Then again, does anyone really expect more from product such as this? Although the script, by J.H. Wyman (Pale Saints), was initially shopped around as a lower-budget project to feature relative unknowns, once Brad Pitt and Julia Roberts signed on--for their first feature together--it must have sounded like the cha-ching! heard round the world. That's fair enough, but what's odd is that the stars spend most of the movie apart, as dictated by the script, but also perhaps to accommodate their busy schedules. Add in a dismaying dearth of romantic chemistry--during their brief scenes together, the two actually seem afraid to touch each other--and we end up with a Frankenstein's monster of a movie: lots of interesting pieces cobbled together with all the stitches showing.

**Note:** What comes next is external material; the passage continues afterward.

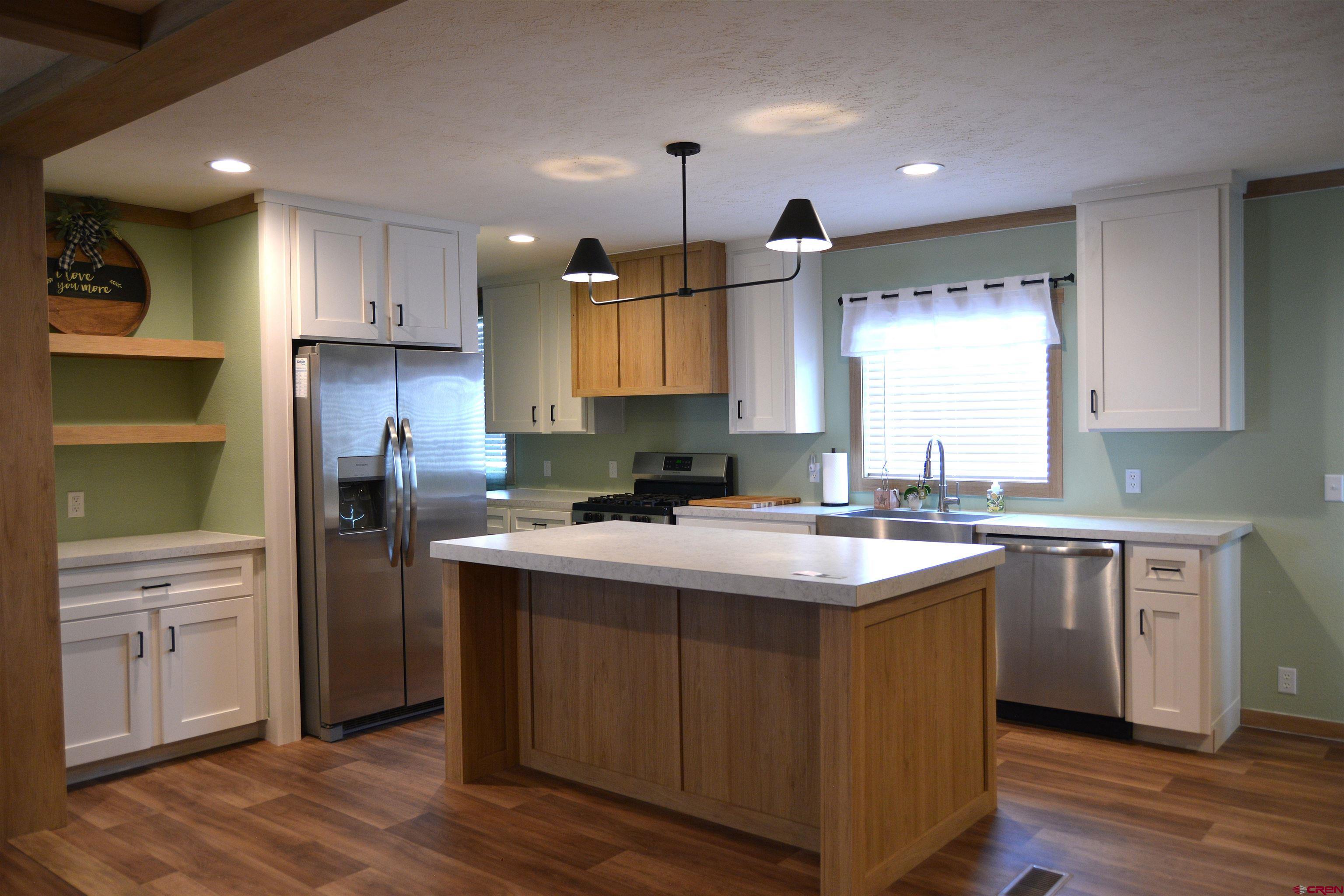 901 6530 Road, Unit 1030 Montrose, CO 81401 - Photo 4 of 22 a kitchen with kitchen island granite countertop a sink cabinets and wooden floor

The basic gist is that Jerry (Pitt) and Samantha (Roberts) are just not getting along, the poor dears. Shacked up in a crass L.A. apartment, they're at odds because she wants him to stop being from Mars, and he wants her to drop the Venusian nagging. After approximately one shooting day of film production, their rift is deepened, as Jerry is summoned by mob boss Bernie Nayman (Bob Balaban) to fly to Mexico to retrieve the titular "Mexican," an ornate antique pistol strongly coveted by an imprisoned American kingpin. This crime stuff doesn't wash with Samantha's sensibilities ("OK, Jerry, I want you to acknowledge that my needs mean nothing to you and that you are a selfish prick and a liar"), so, as he jets south of the border, she heads off to Vegas to start a new life, naturally, as an obscure waitress whom no one would accidentally mistake for Julia Roberts.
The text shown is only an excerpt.